I'm glad to collect any questions for Will Wright and post his replies!
He's especially obsessed with cornering you at a party and telling you all about Care Bears.
The Adorable Will Wright Minutes!
https://www.youtube.com/watch?v=f7G6c097oWU
Speaking of single minutes of short attention span theatre, here are a couple of one minute robot movies we made:
Servitude:
https://www.youtube.com/watch?v=NXsUetUzXlg
Empathy:
At a young age SimEarth made a huge impression on me. I think it was the inscrutability and huge manuals that spoke of a wonderful ecological secret, tantalisingly out of reach no matter how many times I tried...
I just wish the Maxis games retained that awesome simulator feel and Win32 GDI integration that SimCity 2000 had, and not turned into full screen PlaySkool kiddie-gamer interfaces with big dumb buttons and junk.
Also like Mr. Wright I too was fond of the Care Bears, Nelvana's series particularly. Why bronies became a thing and not care bros, I will never figure out!
I can’t even estimate how many hours I sunk into some of these Maxis games. SimCity grabbed me harder than any game had ever grabbed me before and I’m sure I spent the equivalent of years of full time work playing it. SimEarth’s manual felt like a PhD program for a kid.
This game isn’t covered in the article but SimGolf had such an impact on my sense of humour that decades later I still think “gregiscool.com” would be a great name for a startup.

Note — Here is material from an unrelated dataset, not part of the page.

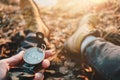 Man traveler hold compass in hand on background legs in hiking boots. Blurred background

I might be misremembering since it's been over 35, but the orinal Mac versions of these games would be better to play today with the higher resolution they had.
Widget Workshop (1996) was my favorite: with a large selection of widgets (such as logic gates, switches, displays, number generators, sound and graphics modules) you build 'functional cause and effect pipelines' in a a cute drag and drop canvas. There is a puzzle mode too. Very Rube Goldberg. Great fun, and educational!